De derde periode: de Rheinvis
Na mijn eindexamen verhuisde ik naar Zwolle. Ik studeerde gitaar lichte muziek en bijvak zang aan het conservatorium ArtEZ. Had les in Zwolle en Arnhem en studeerde af met een 9,5. Ook ontmoette ik mijn vriend Bertolf en richtte met hem behalve ons gitaarduo AlBertolf, alias Schering en Inslag, de popband The Junes op. Mijn broertje Christiaan kon niet ontbreken en werd toetsenist.
De vierde periode: de sprong
Ik verhuisde naar Amsterdam. Het Zwolsche had ik na drie jaar wel gezien. Ik had in alle kroegen opgetreden en met een Eva met elf tenen gezwommen in de Ijssel. Amsterdam leek mij een logisch vervolg. Ik moest behalve zingen en gitaarspelen wat gaan doen en besloot om de Bachelor Nederlandse taal en cultuur te beginnen.
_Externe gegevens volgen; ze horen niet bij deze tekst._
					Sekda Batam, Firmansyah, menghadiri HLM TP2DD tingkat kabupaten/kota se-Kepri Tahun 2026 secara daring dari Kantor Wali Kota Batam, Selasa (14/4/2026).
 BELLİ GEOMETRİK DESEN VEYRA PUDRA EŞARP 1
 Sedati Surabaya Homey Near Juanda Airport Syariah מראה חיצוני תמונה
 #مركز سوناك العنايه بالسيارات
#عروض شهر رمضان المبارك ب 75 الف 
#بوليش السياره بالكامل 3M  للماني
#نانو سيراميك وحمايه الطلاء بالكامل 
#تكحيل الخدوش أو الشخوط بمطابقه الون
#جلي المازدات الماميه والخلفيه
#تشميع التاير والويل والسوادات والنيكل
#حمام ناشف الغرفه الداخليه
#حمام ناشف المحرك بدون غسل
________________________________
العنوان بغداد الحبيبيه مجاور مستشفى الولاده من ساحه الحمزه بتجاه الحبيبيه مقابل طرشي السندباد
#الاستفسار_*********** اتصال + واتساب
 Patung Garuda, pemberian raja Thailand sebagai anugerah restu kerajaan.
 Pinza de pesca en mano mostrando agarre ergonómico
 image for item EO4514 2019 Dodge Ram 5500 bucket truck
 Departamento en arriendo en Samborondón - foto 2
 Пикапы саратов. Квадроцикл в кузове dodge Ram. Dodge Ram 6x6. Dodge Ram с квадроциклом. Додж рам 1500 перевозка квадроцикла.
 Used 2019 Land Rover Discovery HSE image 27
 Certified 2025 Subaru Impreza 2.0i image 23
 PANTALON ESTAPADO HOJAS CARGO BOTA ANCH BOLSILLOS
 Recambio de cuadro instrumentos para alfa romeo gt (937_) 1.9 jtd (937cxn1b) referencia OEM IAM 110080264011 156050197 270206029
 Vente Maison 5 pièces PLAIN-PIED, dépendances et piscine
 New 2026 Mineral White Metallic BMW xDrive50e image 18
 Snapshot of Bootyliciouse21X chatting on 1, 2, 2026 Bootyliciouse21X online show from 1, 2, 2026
De vijfde periode: de vroege oogst
Het leek alsof de dingen gingen. Na het verliezen van de Oogst van Overijssel speelde ik met The Junes in alle clubs van Nederland, met als hoogtepunten Paradiso (als voorprogramma van The Tragically Hip, twee keer uitverkocht) en Martiniplaza (samen met Bløf goed voor zo’n 5000 man). Hiernaast schreef ik een bachelorscriptie over het nihilisme in de romans van Arnon Grunberg. Tussendoor speelde ik met de achtkoppige westernswingformatie Panhandle Swing op het North Sea Jazzfestival en op country & westernfestivals in Litouwen en Letland.
De zesde periode: de vroege val naar het hier en nu.
The Junes gingen uit elkaar. Daarna heb ik een paar keer gespeeld en meegezongen bij de bijna-beroemde Bertolf.Het was de verleiding van de wil of de wil zelf die meer wilde.
In september 2011 heb ik de researchmaster Nederlandse letterkunde aan de Universiteit van Amsterdam voltooid. Daarbij heb ik geschreven voor Babel, Folia, NRC/Handelsblad en De Groene Amsterdammer over muziek, literatuur en de taxioorlog. Ook publiceerde ik een wetenschappelijk artikel over de tragedie in het werk van Arnon Grunberg in het Tijdschrift voor Nederlandse taal- en letterkunde (zie ‘Publicaties’ voor een overzicht).
Nu werk ik als freelance musicus en publicist en heb ik zo’n 27 gitaarleerlingen aan De Nieuwe Muziekschool in Bussum. Zelf ben ik leerling van de verschijning van mijn favoriete meditatie-instructeur.
Samen met broer Christiaan hebben we ons eigen trio, Trio Verbeek.
‘De weg is vrij, de weg is open.’ (Ramses Shaffy, ‘Zonder bagage’)
De zevende periode: de toekomst
Moet nog worden geschreven.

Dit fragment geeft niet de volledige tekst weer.